__TASK__
Every line below that holds the word "Sale" counts once; please tally them and give only the total.

(Excerpts from a dataset)
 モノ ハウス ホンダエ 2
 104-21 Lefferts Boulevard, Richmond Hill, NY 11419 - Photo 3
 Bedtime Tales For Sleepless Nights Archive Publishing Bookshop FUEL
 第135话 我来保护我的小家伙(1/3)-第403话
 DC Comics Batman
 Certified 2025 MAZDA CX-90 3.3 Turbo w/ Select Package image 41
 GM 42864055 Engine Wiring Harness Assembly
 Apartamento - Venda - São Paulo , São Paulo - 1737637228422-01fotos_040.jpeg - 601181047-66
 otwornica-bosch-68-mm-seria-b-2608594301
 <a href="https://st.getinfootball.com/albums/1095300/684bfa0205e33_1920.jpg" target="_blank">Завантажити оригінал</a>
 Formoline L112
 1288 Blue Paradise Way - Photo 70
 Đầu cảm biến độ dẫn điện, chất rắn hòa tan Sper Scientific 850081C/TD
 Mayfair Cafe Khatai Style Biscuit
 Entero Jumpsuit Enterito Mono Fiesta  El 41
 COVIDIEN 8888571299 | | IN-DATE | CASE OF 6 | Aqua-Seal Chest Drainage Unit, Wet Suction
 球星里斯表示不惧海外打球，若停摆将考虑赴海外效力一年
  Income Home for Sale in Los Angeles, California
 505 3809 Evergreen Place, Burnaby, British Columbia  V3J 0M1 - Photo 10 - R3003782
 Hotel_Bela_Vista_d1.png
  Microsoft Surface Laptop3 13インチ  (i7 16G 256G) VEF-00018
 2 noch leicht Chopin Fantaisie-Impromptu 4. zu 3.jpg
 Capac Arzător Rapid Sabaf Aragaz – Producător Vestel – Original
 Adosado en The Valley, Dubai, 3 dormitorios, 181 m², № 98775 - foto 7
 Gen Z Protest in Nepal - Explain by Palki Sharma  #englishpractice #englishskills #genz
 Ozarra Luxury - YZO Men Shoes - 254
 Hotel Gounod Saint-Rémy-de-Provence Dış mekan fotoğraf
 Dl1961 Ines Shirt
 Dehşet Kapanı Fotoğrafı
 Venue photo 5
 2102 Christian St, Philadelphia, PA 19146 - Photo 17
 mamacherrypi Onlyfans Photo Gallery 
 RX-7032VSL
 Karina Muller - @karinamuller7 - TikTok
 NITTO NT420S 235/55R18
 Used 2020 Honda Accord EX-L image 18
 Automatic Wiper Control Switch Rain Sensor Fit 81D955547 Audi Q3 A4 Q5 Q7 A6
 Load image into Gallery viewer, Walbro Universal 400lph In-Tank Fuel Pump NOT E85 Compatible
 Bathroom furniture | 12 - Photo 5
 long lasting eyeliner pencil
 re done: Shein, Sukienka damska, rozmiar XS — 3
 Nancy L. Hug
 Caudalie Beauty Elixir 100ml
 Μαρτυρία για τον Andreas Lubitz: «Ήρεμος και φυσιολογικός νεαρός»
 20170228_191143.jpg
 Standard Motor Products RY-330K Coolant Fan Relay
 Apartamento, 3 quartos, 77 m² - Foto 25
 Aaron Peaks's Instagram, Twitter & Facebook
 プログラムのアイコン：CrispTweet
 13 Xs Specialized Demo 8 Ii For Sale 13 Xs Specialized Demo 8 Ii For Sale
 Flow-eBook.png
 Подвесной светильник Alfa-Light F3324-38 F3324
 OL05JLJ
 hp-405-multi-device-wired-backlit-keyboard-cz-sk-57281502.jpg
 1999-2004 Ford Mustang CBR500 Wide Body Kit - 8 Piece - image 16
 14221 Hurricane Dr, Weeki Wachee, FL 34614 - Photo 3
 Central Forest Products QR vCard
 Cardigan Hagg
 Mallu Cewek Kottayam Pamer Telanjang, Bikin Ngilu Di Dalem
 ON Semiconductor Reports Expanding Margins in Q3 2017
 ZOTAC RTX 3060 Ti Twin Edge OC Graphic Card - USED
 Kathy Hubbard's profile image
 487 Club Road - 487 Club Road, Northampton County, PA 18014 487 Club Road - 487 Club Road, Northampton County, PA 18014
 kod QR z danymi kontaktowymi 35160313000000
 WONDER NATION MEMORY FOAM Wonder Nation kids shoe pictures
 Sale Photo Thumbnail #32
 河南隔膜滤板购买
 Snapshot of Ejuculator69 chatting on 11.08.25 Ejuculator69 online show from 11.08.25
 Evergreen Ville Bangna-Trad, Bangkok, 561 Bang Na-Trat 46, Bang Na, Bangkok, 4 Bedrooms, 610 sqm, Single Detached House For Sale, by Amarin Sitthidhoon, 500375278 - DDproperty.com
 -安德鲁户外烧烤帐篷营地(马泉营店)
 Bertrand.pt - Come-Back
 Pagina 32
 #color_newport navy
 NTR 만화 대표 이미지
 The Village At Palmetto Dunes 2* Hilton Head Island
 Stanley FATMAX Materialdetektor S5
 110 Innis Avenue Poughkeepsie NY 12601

__RESPONSE__
4